Question from Councillor Andy Swain, to full council on 13 January.
At the full council meeting in November, it was twice suggested that a councillors’ human rights were being abused when the chair interrupted the speaker. The Human rights act is very important and not to be made light of. In the legal opinion of the council’s monitoring officer, Is it an abuse of human rights for a speaker to be interrupted by the chair? if so, we should all know, and we can all behave accordingly.
Response from Executive Member for Corporate Services
Article 10 Human Rights Act 1998 states:
1. Everyone has the right to freedom of expression. This right shall include freedom to hold opinions and to receive and impart information and ideas without interference by public authority and regardless of frontiers. This Article shall not prevent States from requiring the licensing of broadcasting, television or cinema enterprises.
2. The exercise of these freedoms, since it carries with it duties and responsibilities, may be subject to such formalities, conditions, restrictions or penalties as are prescribed by law and are necessary in a democratic society, in the interests of national security, territorial integrity or public safety, for the prevention of disorder or crime, for the protection of health or morals, for the protection of the reputation or rights of others, for preventing the disclosure of information received in confidence, or for maintaining the authority and impartiality of the judiciary.
Consequently, while freedom of expression is protected in the UK, it must be borne in mind that this freedom is a qualified right, meaning that there are certain circumstances in which it may be overridden. As a result, the UK allows for the regulation of free speech and the ultimate blocking of speech, eg to protect people from suffering abuse on account of who they are.

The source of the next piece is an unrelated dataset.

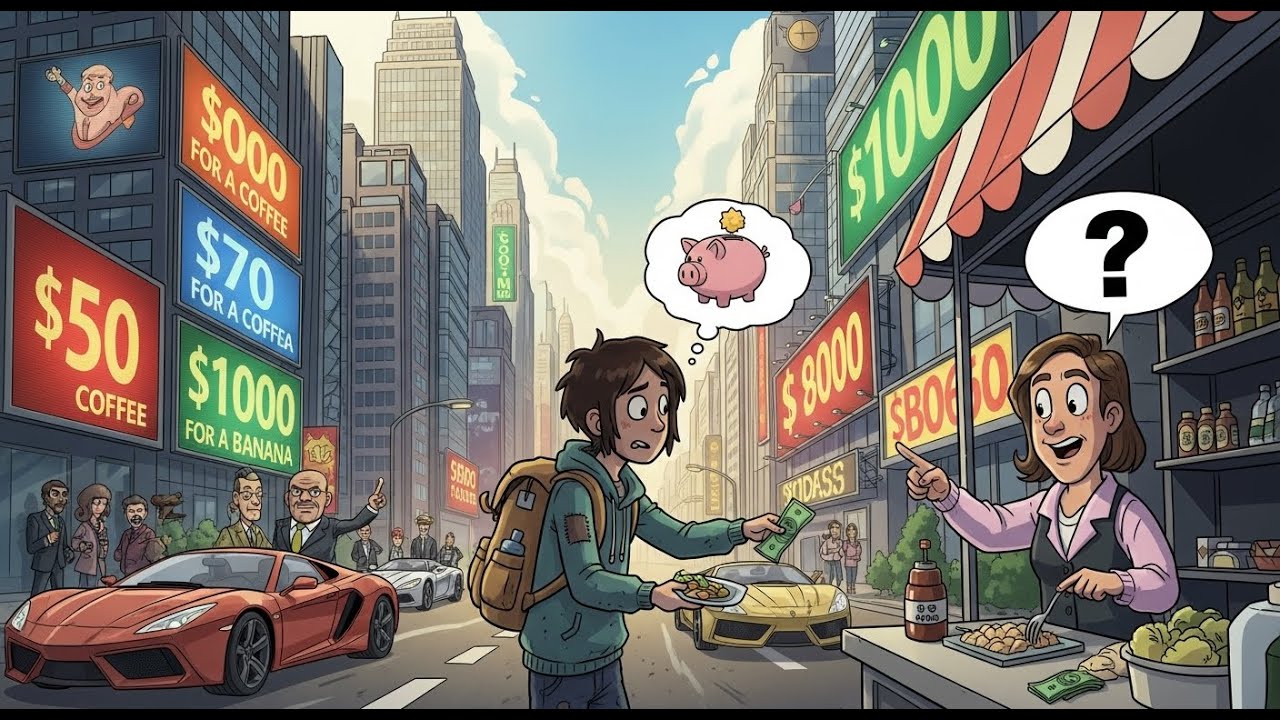 How to Live on $2,000 a Month in an Expensive City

Council meetings are occasions when the business of the Council is conducted, political debate takes place and decisions made. Those meetings take place within a statutory framework and pursuant to the provisions and obligations provided for by the Local Government Act 1972 amongst others.

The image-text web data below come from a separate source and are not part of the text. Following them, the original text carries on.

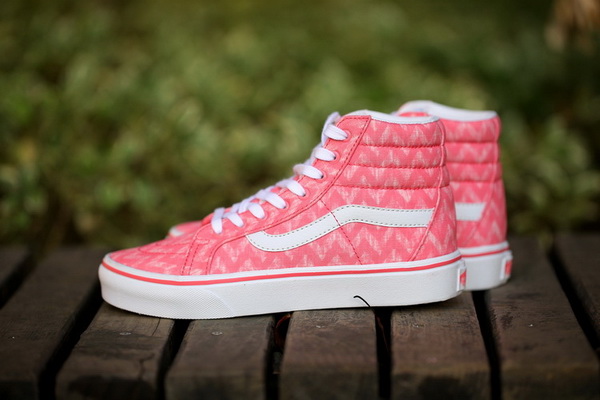 Vans High Top Shoes Women--055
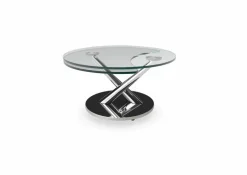 Naos Couchtische-Couchtisch Abra Silber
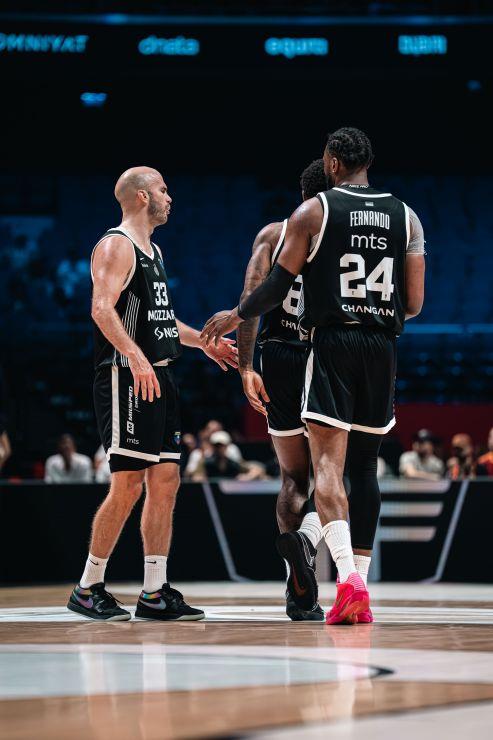 Dubai, Partizan, ABA liga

Arising from that legislation are the rules of debate as set out in the Council’s constitution. The Chair conducts such meetings in accordance with those rules, so as to ensure that the business of the Council is conducted in a fair and equitable manner. The alternative being anarchy and chaos.
It is trite law that such rules and procedures are necessary in a democratic society. Therefore, any curtailing by the Chair of an attempt by a member to step outside of those rules for the purpose of making a speech or other reason would be a lawful infringement of the member’s right to say what they want when they want. It should be remembered that such lawful infringement operates within a regime that makes provision for the making of speeches and expressing opinion.

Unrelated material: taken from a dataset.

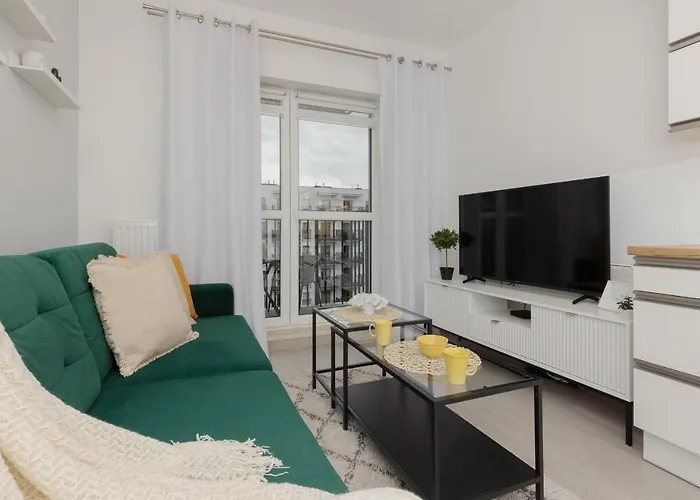 Appartement Cozy With Parking Bakalarska By Renters Varsovie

Thank you chair I have a supplementary question,
Thank you for the clarification about the Human Rights act 1998 which incorporated the European convention on human rights into British law and for explaining that the rules of debate in this chamber do not violate those rights.
Would the portfolio holder agree with me, that these rights including the right to protest without fear or prosecution or retribution, are important and we must maintain them especially since they are no longer protected by EU membership.
Would he also join me in condemning legislation that undermines them such as the Nationality and Borders Bill, which criminalised saving lives at sea, and The Police, Crime, Sentencing and Courts Bill which creates new offences for protest that is “too loud” or has “an impact”?